_Task directions:_ Give back the data below word for word. Any image in it should be left out.
*** Data below
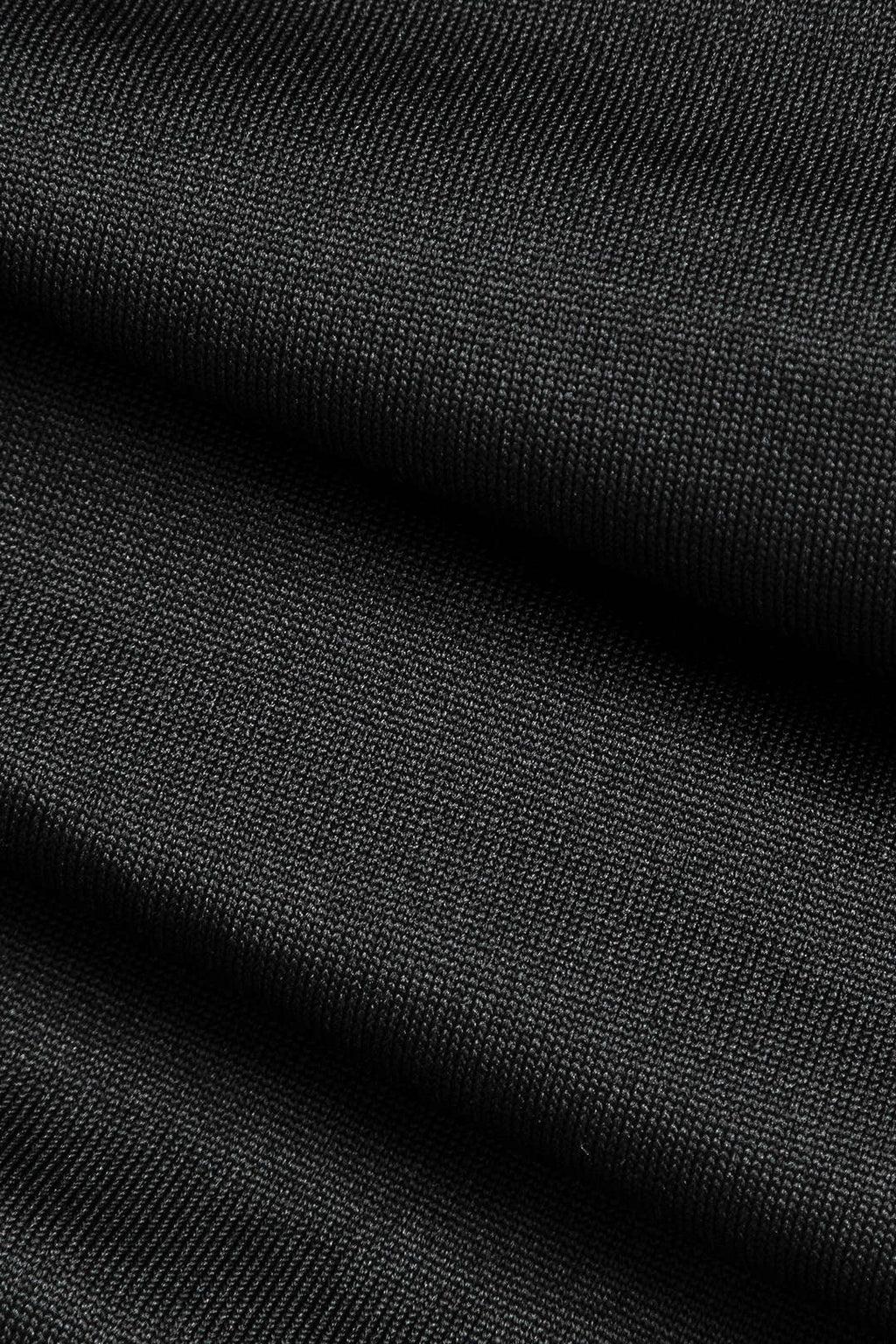 Sheer Mesh Patchwork Korse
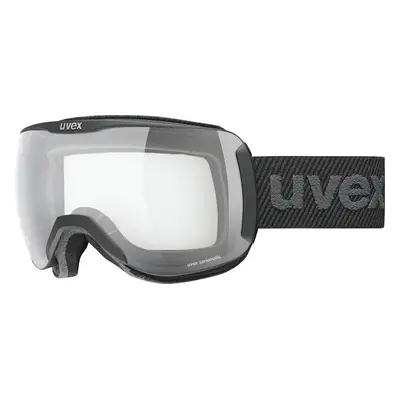 UVEX Downhill VPX Black Mat/Variomatic Polavision Síszemüvegek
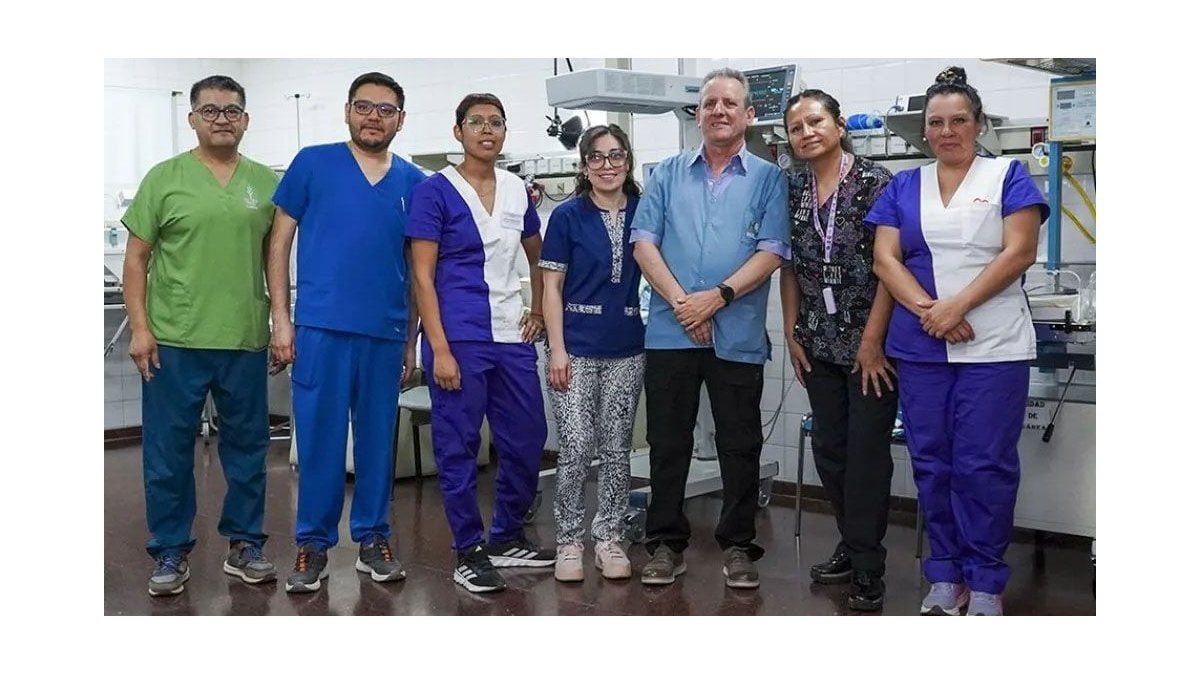 Marcelo, el pediatra que llegó con el Heller y se quedó tres décadas: crónica de una guardia que empieza a despedirse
******
_Task answer:_
 Sheer Mesh Patchwork Korse
 UVEX Downhill VPX Black Mat/Variomatic Polavision Síszemüvegek
 Marcelo, el pediatra que llegó con el Heller y se quedó tres décadas: crónica de una guardia que empieza a despedirse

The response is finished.